Chemical space-informed machine learning models for rapid predictions of x-ray photoelectron spectra of organic molecules

We present machine learning models based on kernel-ridge regression for predicting x-ray photoelectron spectra of organic molecules originating from the K-shell ionization energies of carbon (C), nitrogen (N), oxygen (O), and fluorine (F) atoms. We constructed the training dataset through high-throughput calculations of K-shell core-electron binding energies (CEBEs) for 12 880 small organic molecules in the bigQM7 omega dataset, employing the Delta-SCF formalism coupled with meta-GGA-DFT and a variationally converged basis set. The models are cost-effective, as they require the atomic coordinates of a molecule generated using universal force fields while estimating the target-level CEBEs corresponding to DFT-level equilibrium geometry. We explore transfer learning by utilizing the atomic environment feature vectors learned using a graph neural network framework in kernel-ridge regression.
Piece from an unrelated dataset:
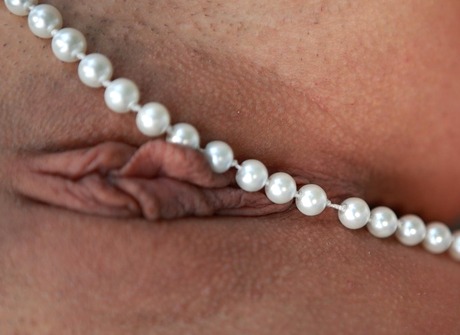 Henessy for Met Art by Ron Offlin - 2 of 16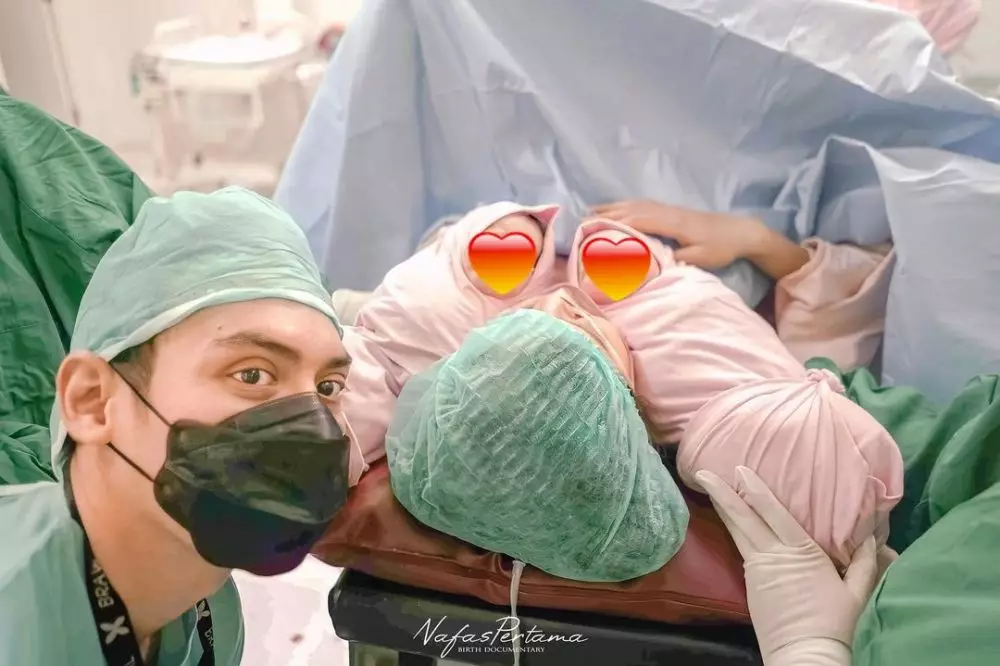 kelahiran bayi kembar talita bachtiar © instagram kelahiran bayi kembar talita bachtiar © instagram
Additionally, we enhance accuracy within the Delta-machine learning framework by leveraging inexpensive baseline spectra derived from Kohn-Sham eigenvalues. When applied to 208 combinatorially substituted uracil molecules larger than those in the training set, our analyses suggest that the models may not provide quantitatively accurate predictions of CEBEs but offer a strong linear correlation relevant for virtual high-throughput screening. We present the dataset and models as the Python module, cebeconf, to facilitate further explorations.